From an early age her artistic talents were evident, and as a schoolgirl in 1960 her work was accepted for a regional art competition. She won prizes at the prefecture art exhibition (1962) and the Dai-cho ten exhibition. She served the mandatory apprenticeships and worked as a kimono painter and designer until 1972, before turning to her best-known style painting geisha in splendid kimono costumes and imaginative settings. Some of Haruyo Morita's kimono designs and paintings of Japanese women wearing elaborate traditional kimonos are shown in her film animation Praying for Japan and on her Facebook page.
She is the artist of Twelve-Layer Kimono, a Showa period print with painted designs ink, color, and gold on paper.

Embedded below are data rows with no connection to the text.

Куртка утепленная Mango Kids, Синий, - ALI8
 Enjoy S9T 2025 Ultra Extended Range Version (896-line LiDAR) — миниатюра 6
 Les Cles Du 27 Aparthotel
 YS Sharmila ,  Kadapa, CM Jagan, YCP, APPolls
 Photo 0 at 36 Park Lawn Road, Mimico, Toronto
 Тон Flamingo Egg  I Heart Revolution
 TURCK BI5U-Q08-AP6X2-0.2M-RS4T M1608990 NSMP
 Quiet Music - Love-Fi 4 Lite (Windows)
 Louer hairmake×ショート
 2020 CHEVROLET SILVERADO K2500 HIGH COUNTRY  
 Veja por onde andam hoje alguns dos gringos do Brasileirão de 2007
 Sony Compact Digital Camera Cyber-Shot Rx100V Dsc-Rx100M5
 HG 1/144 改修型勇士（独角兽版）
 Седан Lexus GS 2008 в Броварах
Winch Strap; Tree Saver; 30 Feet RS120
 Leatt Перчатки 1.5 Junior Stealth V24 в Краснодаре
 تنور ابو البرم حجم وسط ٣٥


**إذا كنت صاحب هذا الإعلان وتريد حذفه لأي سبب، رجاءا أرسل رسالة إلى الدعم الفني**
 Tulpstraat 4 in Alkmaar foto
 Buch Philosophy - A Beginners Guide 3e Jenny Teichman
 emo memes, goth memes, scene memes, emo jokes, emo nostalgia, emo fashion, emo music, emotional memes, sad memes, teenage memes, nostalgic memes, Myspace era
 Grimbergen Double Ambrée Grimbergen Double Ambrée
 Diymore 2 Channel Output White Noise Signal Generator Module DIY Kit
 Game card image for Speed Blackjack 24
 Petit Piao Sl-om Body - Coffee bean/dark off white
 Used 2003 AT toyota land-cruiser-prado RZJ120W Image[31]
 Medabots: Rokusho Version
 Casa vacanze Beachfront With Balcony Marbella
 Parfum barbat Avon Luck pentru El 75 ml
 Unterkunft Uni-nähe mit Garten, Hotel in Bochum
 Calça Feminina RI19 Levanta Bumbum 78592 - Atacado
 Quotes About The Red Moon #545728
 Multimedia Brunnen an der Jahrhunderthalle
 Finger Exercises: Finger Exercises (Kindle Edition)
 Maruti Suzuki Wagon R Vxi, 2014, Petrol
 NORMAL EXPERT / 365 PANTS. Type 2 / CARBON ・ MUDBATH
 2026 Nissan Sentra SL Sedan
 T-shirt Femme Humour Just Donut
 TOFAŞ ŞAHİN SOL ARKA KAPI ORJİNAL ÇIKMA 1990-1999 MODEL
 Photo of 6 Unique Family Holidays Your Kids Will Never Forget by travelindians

In her art she was influenced by the style and drama of Kabuki theatre and the Edo period of Japanese culture. In 2017, during the curatorship of the VMFA's Asian expert, Li Jian, Haruyo Morita's Twelve-Layer Kimono, a gift from a private collection, was added to the permanent collection of the Virginia Museum of Fine Arts' extensive Asian holdings .
She relocated to London in 1977 and arranged exhibitions of her work in London, Los Angeles, New York, and Honolulu. In the 21st century she resides on the New South Wales coast at Korora, in Australia, where she says the light and climate are perfect for creating her art.